I admit I am baffled by how much of a grip these concepts have on some Christians. Look at it this way: What if Christians found out that the doctrines of a Seventh-Day Adventist had been brought into fundamental, evangelical Christianity through someone who intentionally tried to pass off the SDA as a Christian, and altered his text? In any other situation, this would be unacceptable. But for the Bible text issue, it's taken as a matter of course. Where is the outcry? The same pastors who will denounce the SDAs as a cult will turn around and uphold using the KJV for reasons advanced by Wilkinson. How strange this issue can get: the heavily Calvinist KJV Bible is defended by Independent Baptists who roast John Calvin and his doctrines, and do not believe TULIP; but the Reformed believers take up this material and use it to defend the correctness of the KJV's doctrine, even though both groups disagree on what correct doctrine is.
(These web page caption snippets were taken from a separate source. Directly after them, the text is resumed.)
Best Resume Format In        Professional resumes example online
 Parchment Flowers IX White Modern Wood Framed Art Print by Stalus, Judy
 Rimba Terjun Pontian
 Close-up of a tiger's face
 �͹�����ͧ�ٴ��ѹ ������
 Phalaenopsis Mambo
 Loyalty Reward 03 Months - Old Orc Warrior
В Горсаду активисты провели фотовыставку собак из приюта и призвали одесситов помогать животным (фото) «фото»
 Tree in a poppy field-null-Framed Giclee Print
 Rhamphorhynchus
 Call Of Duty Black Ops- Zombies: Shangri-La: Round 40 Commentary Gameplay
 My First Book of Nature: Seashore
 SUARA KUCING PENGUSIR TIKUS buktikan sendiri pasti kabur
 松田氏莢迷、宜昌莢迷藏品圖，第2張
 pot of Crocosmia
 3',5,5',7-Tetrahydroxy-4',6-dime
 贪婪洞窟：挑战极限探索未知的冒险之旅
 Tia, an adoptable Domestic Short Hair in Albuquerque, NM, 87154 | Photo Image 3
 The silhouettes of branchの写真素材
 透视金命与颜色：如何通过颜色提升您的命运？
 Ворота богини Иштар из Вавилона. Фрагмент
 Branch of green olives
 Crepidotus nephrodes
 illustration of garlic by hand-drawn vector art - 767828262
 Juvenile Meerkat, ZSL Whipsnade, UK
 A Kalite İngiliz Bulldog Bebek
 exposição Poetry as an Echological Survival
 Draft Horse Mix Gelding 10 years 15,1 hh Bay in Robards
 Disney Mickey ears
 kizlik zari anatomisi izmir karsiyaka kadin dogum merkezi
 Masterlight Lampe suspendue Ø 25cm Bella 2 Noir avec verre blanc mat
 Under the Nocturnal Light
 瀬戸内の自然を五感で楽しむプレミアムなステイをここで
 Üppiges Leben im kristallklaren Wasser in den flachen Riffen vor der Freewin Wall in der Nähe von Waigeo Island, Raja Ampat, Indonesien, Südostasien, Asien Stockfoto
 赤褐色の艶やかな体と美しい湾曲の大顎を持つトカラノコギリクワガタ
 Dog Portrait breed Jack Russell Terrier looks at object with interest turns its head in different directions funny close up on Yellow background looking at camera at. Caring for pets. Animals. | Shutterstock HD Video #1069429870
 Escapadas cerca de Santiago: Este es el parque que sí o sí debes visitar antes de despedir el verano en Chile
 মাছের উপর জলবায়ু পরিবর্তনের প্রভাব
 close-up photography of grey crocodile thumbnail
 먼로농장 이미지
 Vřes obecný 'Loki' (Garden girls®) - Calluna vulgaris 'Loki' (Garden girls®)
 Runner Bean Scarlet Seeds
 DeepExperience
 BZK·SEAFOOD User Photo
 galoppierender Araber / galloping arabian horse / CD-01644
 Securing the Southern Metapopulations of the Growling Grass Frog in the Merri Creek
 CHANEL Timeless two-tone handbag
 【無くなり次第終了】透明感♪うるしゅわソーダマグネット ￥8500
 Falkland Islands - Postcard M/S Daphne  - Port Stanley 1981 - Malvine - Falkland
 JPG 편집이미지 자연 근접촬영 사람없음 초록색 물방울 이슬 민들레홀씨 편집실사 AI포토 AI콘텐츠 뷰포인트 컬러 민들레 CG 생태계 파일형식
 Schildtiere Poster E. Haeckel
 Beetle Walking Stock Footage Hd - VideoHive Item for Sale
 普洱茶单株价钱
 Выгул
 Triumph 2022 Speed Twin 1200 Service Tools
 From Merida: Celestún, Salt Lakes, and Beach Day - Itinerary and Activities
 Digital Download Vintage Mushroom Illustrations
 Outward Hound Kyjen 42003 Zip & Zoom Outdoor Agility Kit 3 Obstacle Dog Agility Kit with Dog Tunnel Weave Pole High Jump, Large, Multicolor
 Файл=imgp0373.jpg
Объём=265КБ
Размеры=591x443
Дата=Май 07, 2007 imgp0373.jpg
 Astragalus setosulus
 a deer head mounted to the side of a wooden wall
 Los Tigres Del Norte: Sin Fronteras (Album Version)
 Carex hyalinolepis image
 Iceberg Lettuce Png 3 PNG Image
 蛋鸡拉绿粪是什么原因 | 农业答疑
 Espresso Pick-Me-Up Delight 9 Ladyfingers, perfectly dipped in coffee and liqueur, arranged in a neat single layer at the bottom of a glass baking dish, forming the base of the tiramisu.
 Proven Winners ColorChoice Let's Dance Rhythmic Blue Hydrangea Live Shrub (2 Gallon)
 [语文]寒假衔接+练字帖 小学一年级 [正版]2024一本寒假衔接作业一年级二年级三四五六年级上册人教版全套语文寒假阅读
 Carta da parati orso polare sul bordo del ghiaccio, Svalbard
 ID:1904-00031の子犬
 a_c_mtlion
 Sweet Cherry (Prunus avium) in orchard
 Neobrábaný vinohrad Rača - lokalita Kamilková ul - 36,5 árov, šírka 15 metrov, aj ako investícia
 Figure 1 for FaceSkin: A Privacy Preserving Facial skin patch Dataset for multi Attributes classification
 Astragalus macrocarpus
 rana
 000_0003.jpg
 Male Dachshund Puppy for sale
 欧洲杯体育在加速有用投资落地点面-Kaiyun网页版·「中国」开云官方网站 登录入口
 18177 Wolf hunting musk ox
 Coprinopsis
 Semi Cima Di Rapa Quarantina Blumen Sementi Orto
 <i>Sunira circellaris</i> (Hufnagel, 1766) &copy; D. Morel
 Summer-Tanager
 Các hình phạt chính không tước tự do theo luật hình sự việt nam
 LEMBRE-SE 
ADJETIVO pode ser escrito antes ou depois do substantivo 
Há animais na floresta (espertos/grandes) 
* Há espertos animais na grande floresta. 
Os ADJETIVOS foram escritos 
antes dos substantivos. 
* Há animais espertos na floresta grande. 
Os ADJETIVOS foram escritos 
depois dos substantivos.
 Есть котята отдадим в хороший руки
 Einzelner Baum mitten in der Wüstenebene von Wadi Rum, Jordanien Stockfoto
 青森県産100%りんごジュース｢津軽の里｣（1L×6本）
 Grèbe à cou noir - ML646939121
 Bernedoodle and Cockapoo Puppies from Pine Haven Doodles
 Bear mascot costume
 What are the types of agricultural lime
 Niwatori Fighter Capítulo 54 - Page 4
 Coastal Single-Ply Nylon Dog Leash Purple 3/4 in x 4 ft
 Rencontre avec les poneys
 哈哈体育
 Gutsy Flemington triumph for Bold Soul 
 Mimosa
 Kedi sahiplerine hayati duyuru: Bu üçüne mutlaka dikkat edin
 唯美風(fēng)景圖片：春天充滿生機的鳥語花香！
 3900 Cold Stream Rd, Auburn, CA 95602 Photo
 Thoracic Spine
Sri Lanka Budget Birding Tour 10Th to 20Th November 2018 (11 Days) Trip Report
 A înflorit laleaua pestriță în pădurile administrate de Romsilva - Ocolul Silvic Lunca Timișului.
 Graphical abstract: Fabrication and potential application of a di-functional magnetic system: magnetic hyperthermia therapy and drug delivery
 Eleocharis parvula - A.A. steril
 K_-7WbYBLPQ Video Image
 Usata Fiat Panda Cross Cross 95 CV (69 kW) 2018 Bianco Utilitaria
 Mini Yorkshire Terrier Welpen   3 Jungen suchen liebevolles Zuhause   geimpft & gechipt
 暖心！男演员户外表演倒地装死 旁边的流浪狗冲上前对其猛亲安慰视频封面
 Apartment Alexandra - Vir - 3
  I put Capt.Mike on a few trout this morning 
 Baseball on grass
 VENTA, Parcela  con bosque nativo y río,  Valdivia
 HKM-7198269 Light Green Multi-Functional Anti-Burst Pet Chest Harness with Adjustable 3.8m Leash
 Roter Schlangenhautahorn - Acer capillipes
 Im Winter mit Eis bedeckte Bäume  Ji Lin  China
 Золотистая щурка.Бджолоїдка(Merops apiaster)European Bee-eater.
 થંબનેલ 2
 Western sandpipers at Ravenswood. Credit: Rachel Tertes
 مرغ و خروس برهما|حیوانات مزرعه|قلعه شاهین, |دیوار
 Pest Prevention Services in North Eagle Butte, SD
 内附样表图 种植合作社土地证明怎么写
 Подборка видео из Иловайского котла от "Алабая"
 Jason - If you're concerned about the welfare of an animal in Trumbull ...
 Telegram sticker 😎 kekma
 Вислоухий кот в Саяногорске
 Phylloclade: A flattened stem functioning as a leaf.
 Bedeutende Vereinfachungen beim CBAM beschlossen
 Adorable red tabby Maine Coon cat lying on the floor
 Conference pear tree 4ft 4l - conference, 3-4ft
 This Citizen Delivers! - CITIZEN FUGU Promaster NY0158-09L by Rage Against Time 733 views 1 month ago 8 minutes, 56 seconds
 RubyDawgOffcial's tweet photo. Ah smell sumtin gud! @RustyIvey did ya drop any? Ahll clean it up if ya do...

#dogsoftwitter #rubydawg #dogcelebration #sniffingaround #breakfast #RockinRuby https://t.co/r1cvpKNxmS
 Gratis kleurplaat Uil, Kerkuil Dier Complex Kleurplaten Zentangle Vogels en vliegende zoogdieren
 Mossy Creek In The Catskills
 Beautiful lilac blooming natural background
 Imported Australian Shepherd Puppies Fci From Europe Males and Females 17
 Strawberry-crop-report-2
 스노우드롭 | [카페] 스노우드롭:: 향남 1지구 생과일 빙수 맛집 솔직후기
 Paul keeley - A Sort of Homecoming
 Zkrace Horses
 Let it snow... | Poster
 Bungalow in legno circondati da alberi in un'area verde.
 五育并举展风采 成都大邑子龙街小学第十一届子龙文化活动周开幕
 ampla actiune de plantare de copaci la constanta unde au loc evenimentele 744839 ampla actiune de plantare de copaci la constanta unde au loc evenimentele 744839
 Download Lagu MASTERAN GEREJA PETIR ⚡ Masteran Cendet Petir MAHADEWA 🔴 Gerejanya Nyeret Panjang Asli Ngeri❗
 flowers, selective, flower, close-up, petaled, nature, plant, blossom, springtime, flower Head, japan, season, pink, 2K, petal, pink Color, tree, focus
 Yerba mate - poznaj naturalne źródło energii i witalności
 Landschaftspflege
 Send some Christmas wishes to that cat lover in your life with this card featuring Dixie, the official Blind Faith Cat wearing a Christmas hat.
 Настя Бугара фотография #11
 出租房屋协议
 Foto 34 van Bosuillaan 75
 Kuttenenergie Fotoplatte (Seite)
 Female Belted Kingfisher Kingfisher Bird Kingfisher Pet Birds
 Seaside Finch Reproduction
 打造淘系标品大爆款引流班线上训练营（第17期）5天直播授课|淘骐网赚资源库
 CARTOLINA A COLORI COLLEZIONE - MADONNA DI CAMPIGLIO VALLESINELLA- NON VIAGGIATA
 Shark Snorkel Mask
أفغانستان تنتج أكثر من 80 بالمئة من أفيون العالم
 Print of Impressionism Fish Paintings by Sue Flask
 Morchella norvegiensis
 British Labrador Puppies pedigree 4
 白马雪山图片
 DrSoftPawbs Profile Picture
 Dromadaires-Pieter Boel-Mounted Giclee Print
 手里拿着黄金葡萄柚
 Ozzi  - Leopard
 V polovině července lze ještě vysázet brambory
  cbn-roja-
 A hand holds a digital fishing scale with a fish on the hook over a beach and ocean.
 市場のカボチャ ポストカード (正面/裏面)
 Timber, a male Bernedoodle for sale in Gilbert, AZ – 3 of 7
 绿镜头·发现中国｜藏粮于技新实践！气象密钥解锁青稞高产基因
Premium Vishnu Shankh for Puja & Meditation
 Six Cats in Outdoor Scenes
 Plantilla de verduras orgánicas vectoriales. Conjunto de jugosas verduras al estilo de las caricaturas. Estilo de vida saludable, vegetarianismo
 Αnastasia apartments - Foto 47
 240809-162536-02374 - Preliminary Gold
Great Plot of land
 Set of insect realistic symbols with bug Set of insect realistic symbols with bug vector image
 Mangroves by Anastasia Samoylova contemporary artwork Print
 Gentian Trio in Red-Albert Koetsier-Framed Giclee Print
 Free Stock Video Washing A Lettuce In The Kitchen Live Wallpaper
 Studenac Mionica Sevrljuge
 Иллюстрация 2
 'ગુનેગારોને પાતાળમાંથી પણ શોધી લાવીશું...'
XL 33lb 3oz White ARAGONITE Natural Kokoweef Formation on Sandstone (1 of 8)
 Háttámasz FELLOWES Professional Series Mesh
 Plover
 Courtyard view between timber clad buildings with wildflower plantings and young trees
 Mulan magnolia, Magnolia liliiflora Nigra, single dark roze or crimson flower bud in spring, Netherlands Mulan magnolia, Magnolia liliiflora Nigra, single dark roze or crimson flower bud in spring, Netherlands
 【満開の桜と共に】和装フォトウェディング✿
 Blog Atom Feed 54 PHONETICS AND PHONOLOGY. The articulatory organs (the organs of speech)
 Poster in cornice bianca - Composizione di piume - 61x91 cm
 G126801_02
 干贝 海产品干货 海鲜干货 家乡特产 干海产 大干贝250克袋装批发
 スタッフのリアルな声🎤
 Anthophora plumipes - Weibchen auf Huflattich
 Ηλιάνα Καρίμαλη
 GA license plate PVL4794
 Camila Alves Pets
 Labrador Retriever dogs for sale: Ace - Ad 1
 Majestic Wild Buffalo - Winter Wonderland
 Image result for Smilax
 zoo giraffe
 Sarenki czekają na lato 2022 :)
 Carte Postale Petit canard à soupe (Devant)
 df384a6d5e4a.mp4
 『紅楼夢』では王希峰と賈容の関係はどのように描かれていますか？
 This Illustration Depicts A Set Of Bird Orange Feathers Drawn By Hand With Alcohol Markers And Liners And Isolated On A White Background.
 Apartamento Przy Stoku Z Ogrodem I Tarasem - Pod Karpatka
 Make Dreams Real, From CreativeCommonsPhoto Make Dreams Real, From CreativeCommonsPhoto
I know there is a KJV defense beyond Wilkinson, but without Wilkinson's contributions, it isn't enough of an argument to call for the rejection of modern conservative translations like the New King James and NASB. The people who want to use the KJV want to use it and nothing else. There are very valid points about dynamic equivalence translations (I wish I had time to review the translator's comments about a modern edition of Les Miserables I found to show how translators sit in judgment over a text), but they're not enough to completely rule out the NJKV and NASB.
Even the staunchest KJV defender needs to take a look at the SDA roots of the movement and have some sympathy for the person who comes to the movement and does research and digs this information up, which is not hard to do. I find that, too often, believing the entire KJV defense's arguments is a prerequisite for orthodoxy in many cases. Please understand why reasonable people will disagree on this topic.
I'm still looking at this issue, and wish I had more time to get into it and explore it and write about it. But, unfortunately, I don't right now.